Go to this link http://www.sketchup.com/?sid=368 and download this version of sketchup which is not the same as Sketchup5 but by all accounts for most users is good enough. This version is free

Cheers

Tim


----------



## devonwoody

tim":2qcusb13 said:


> No.
> 
> Go to this link http://www.sketchup.com/?sid=368 and download this version of sketchup which is not the same as Sketchup5 but by all accounts for most users is good enough. This version is free
> 
> Cheers
> 
> Tim



Thanks Tim, 

But

screen print of download page below still states it is a trial version and after my download it states I can use it for 8 hours.







.


----------



## Shady

DevonWoody - that's most odd... I downloaded it with no problems from that link, and cannot find that screen anywhere: You should, on following the link, get to this page:

http://sketchup.google.com/download.html

Which just gives you the 'unlimited' free version - try that link and see if it works...


----------



## tim

I don't see the info on your screen print on any download pages for Google sketchup that I'm looking at.


----------



## Nick W

devonwoody":37eulb3q said:


> ...
> 
> screen print of download page below still states it is a trial version and after my download it states I can use it for 8 hours.
> 
> 
> 
> 
> 
> 
> . ..



Yes, there are two downloadable versions of the software. The important thing to notice is the use of '...this version...' which is the 8 hour trial of SU pro, and the link above which takes you to the unlimited Google SU version's download.


----------



## devonwoody

Shady":22tnesf9 said:


> DevonWoody - that's most odd... I downloaded it with no problems from that link, and cannot find that screen anywhere: You should, on following the link, get to this page:
> 
> http://sketchup.google.com/download.html
> 
> Which just gives you the 'unlimited' free version - try that link and see if it works...



Most odd??????????
Used your link above, clicked on the download button which then takes me to the next page which is my screen print of above.

I think I will use my 8 hour period up and then perhaps things will have settled down on this download and the full free version might be available again.


----------



## Shady

In that case, I can only think that the trial version you've found has messed with your registry somehow: because, like Tim, I can't find that screenshot anywhere via the links we've copied. 

Anyway, best of luck with sorting it out - it's worth it.


----------



## devonwoody

I remember I did this download around 6 weeks ago when it was first mooted there was a free version. Perhaps this is what is messing up my registry?

Also sent an email off to sketchup on their contact page for info.

I am a sticker when it comes to controversy,(ask the wife).


----------



## SketchUp Guru

DW, You may have hit on the issue. Six weeks ago Google SketchUp wasn't available.

You should be able to install the new, free version and have no problems.
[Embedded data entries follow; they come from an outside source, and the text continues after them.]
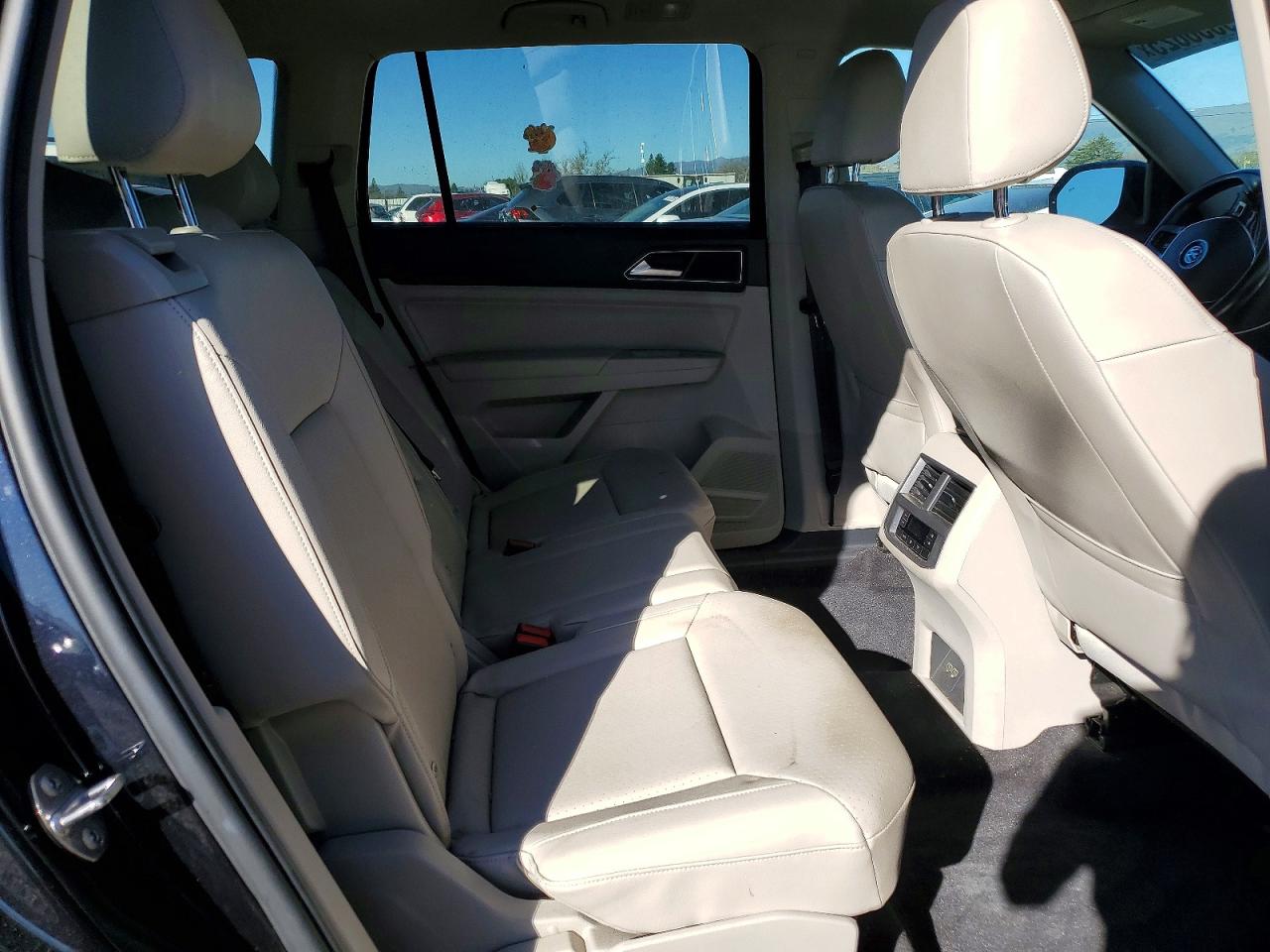 2018 VOLKSWAGEN ATLAS SEL photo 11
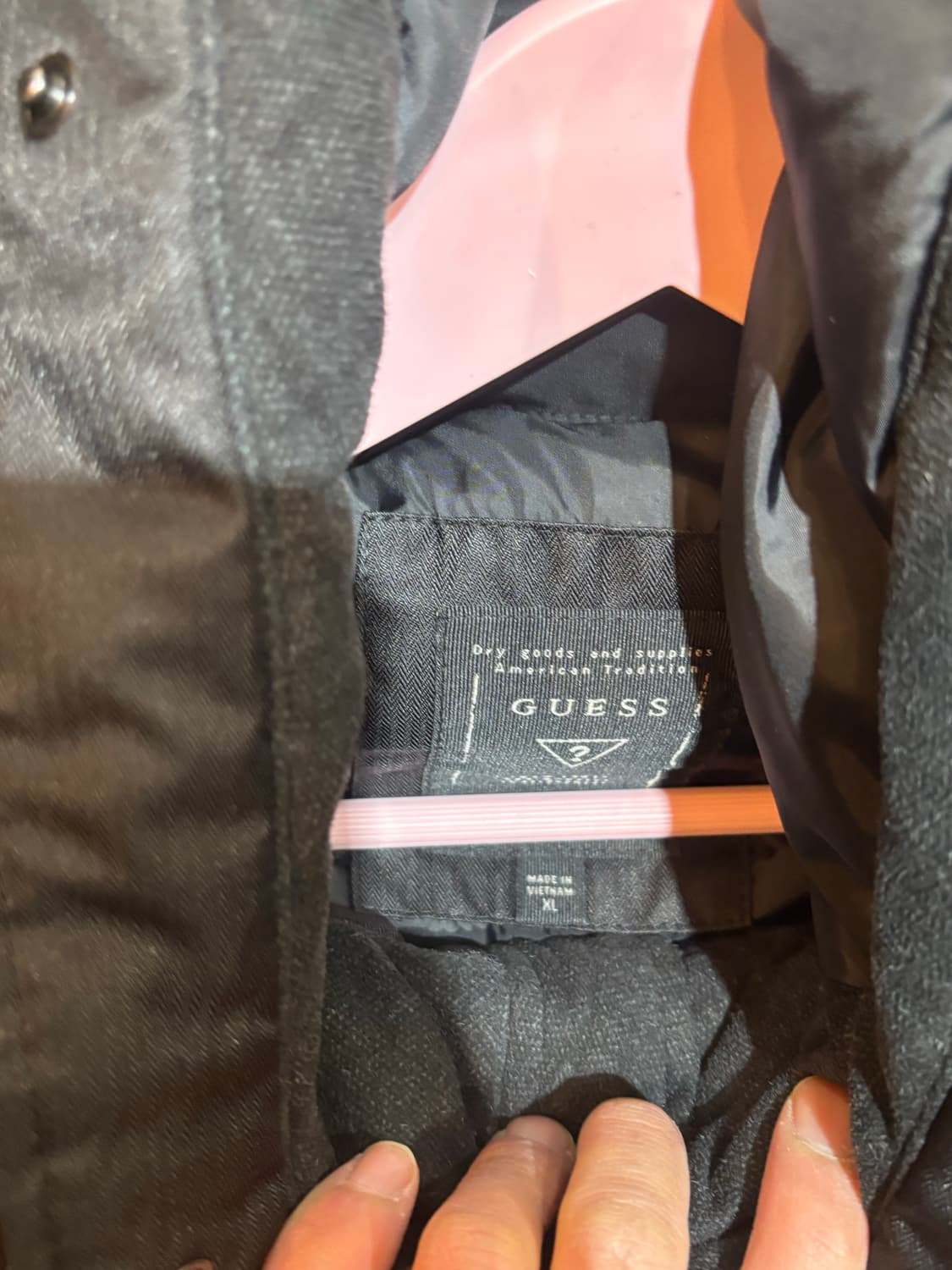 게스 블랙 남성 오리턱 패딩 XL 상품이미지5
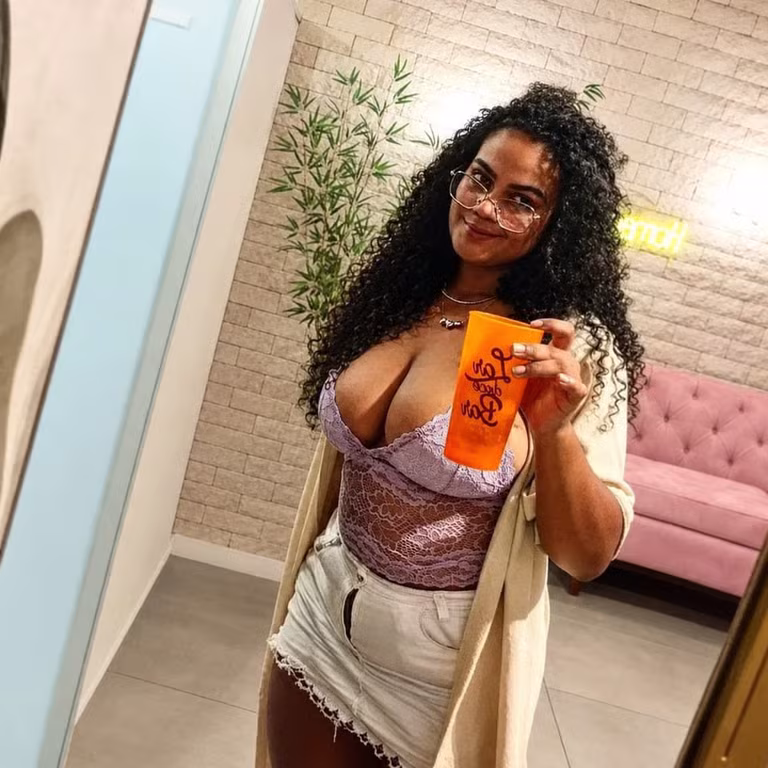 Ariadne Bronx Avaliações no perfil do whatsapp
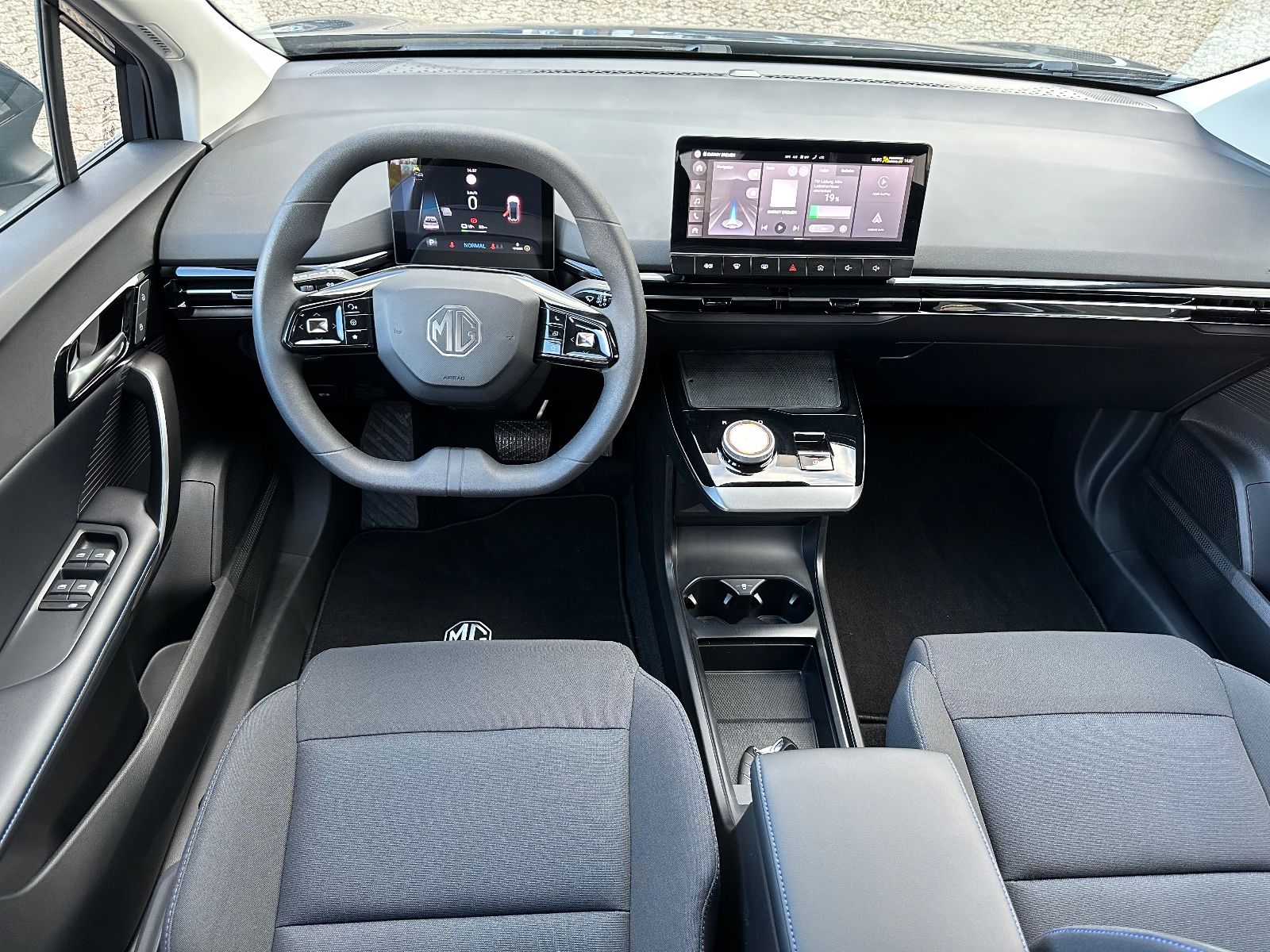 Fahrzeugabbildung MG MG4 Standard 51 kWh Navi/ACC/LED/PDC/CarPlay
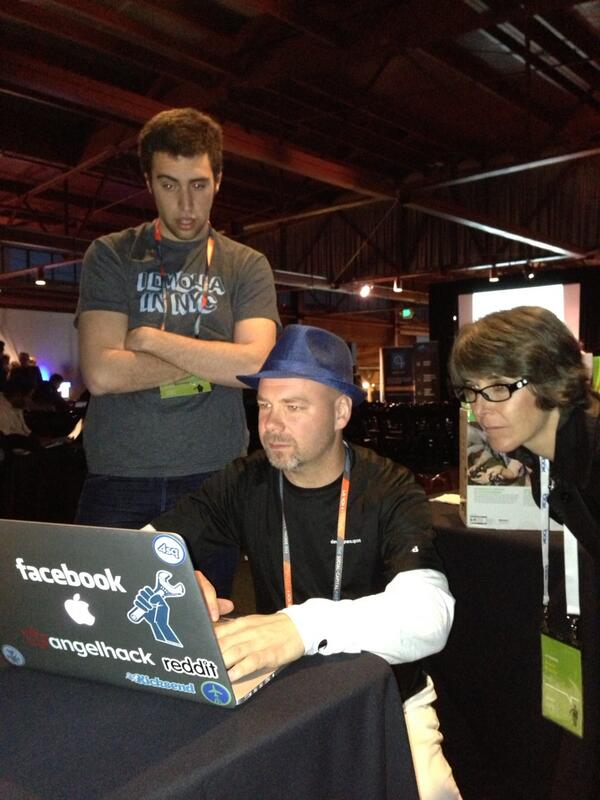 ggread's tweet image. @jayzalowitz demoing Setonia search portal to #sapdevs @schmerdy @annehardy @rocky_ong at #launchhack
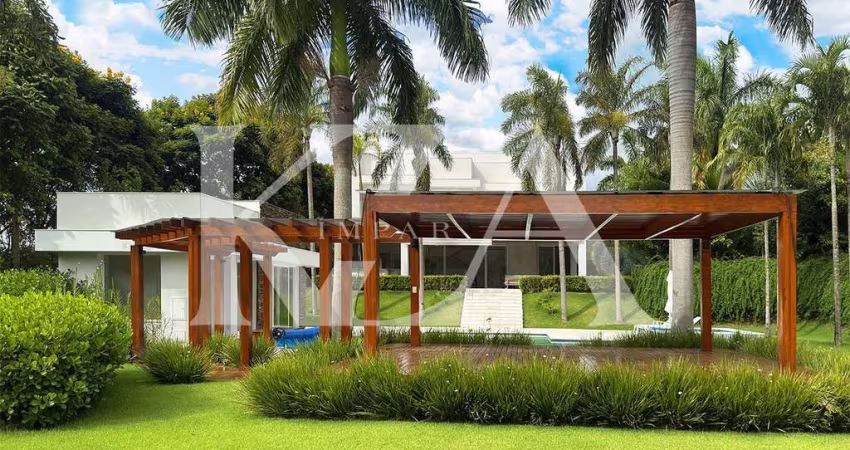 Arquitetura imponente com lazer exclusivo na Fazenda da Grama
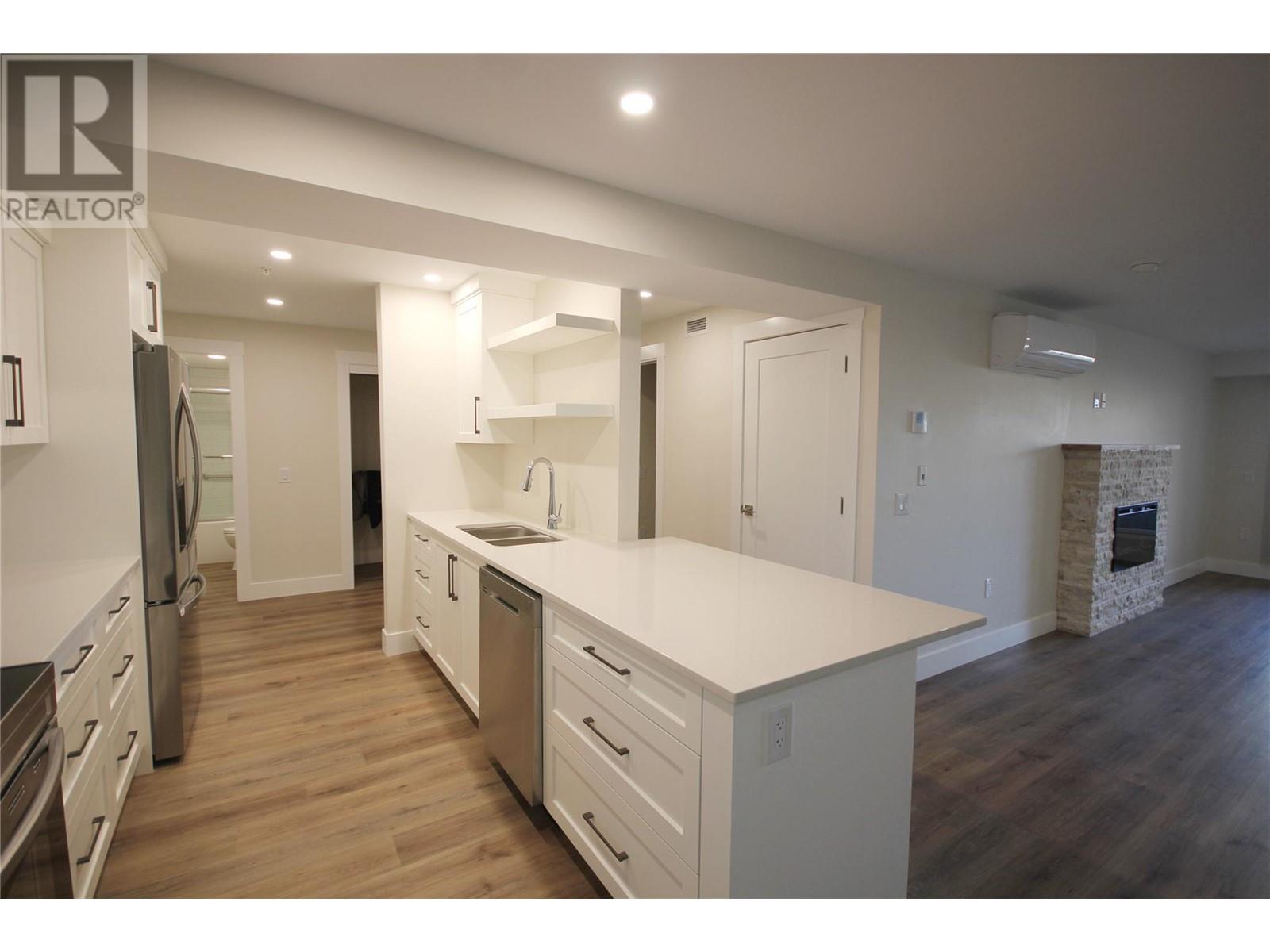 217 Elm Avenue Unit# 209, Penticton, British Columbia  V2A 3W1 - Photo 5 - 10342916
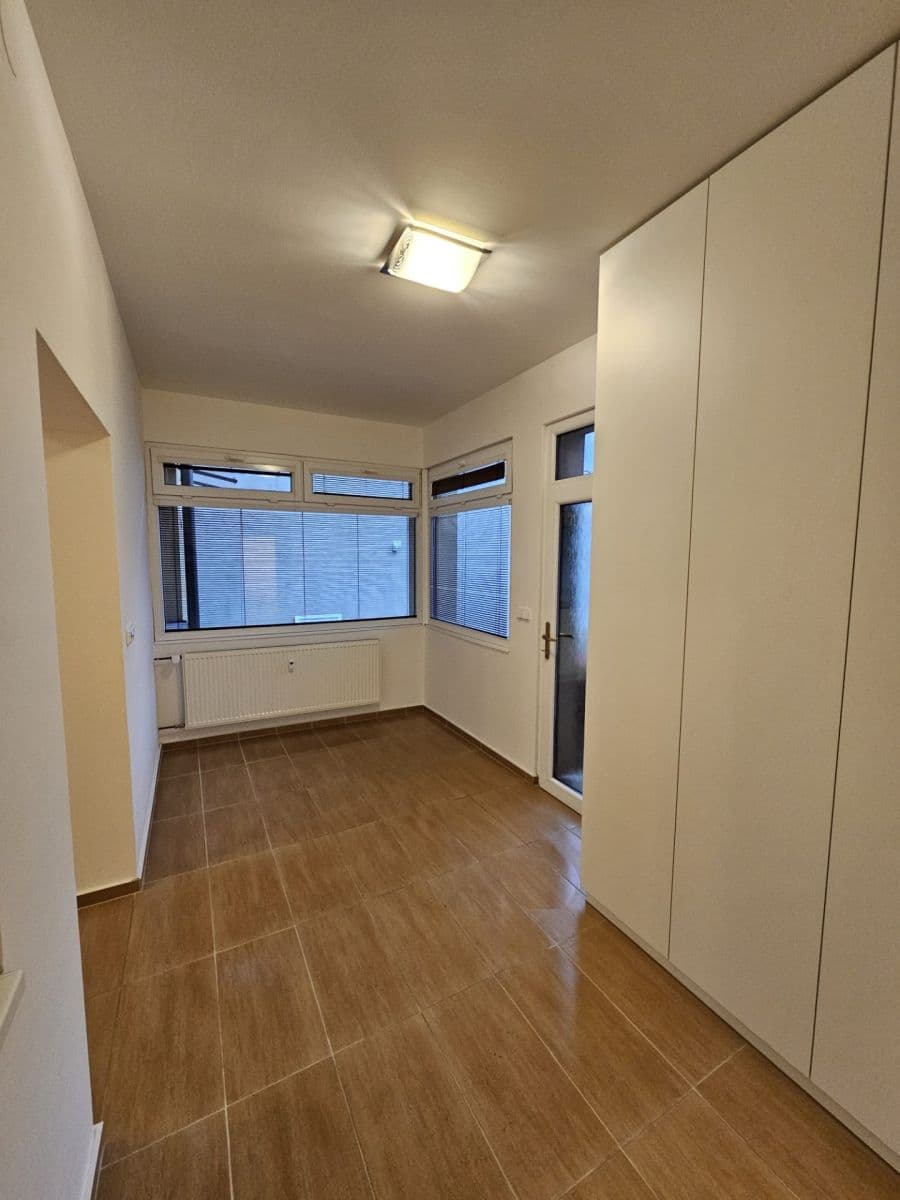 2 bedroom with open-plan kitchen flat to rent, 86 m², Legionářská, Kuřim, Jihomoravský Region 2 bedroom with open-plan kitchen flat to rent, 86 m², Legionářská, Kuřim, Jihomoravský Region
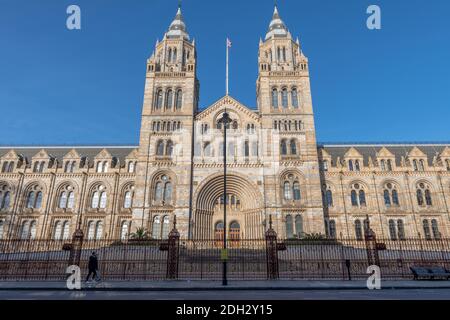 Exterior view of the Natural History Museum on Cromwell Road, South Kensington. Stock Photo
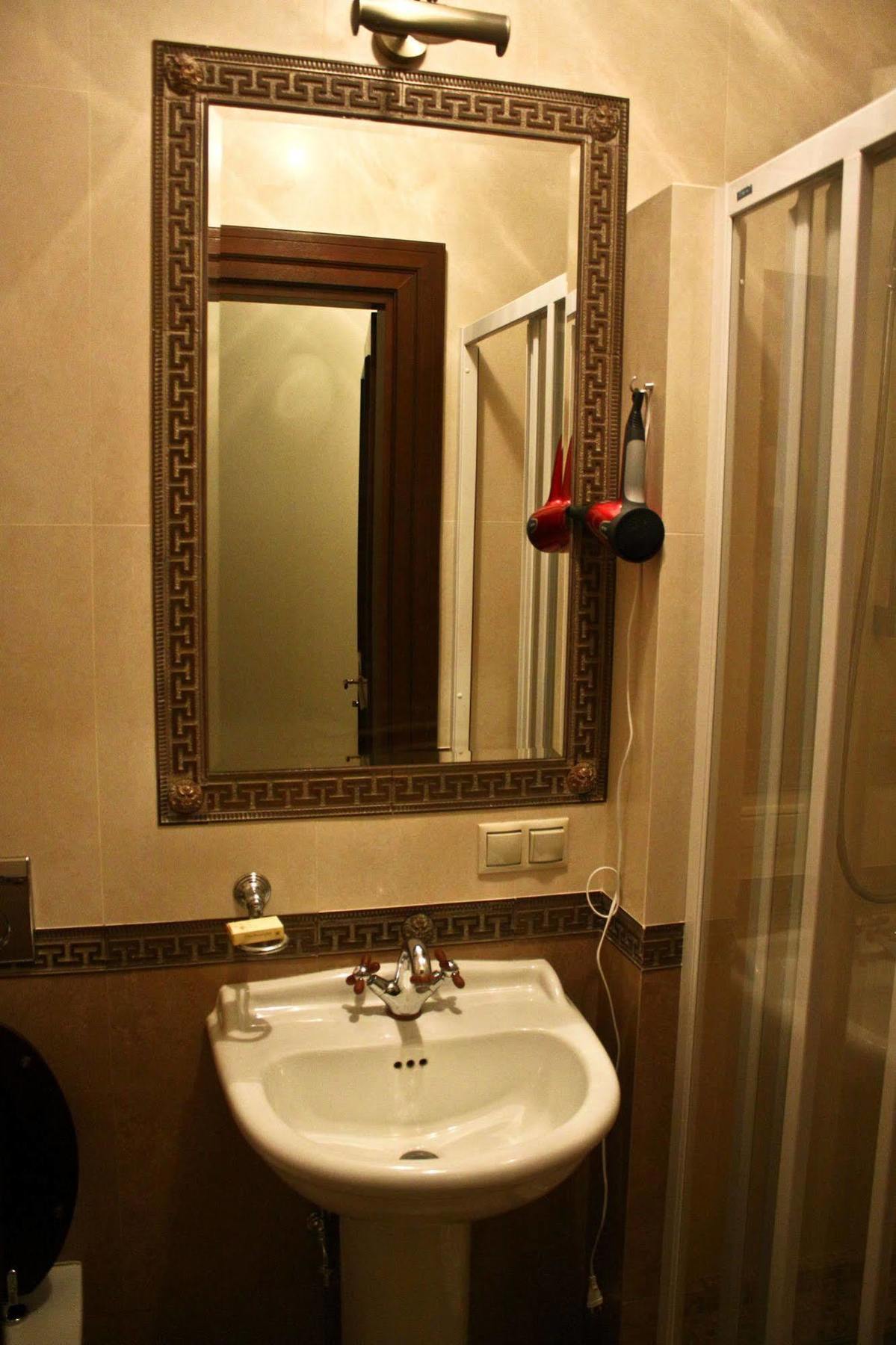 Hotel British Club Leopoli Esterno foto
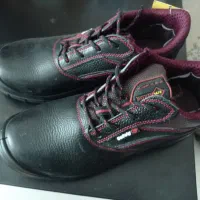 فروش کفش کار پنجه آهنی|کیف، کفش، کمربند|الوند, |دیوار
You might try a registry cleaner--I like http://ccleaner.com 's cleaner because it is free and fast--before doing the new install.


----------



## devonwoody

Hmmmmmmmmmmm?

have a look at this thread dated 16 h March 06

http://www.woodworkforums.ubeaut.com.au ... gle+sketch

.


----------



## mr

Try downloading it from this link. http://dl.google.com/sketchup/GoogleSketchUpW-EN.exe

Note that this is a link straight to the download not to a page where you click a link for the download.


----------



## SketchUp Guru

DW, in the posts made in March it only says there's "noise" about a free version at that point. When was the last time you downloaded SU?


----------



## devonwoody

OK Mr. I will give that a try first thing in the morning. 
Do you think I should send the present download to the recyle bin in the meantime?


----------



## mr

Downloaded file? If its only the installation file it doesnt matter - you could "store" it in the bin for the time being. If youve installed from it already I would uninstall it before installing from the file you get from that link. 

Cheers Mike.


----------



## devonwoody

Google support replied to my email and provided me with the following link which is different from any mention above for that free copy of Sketch up.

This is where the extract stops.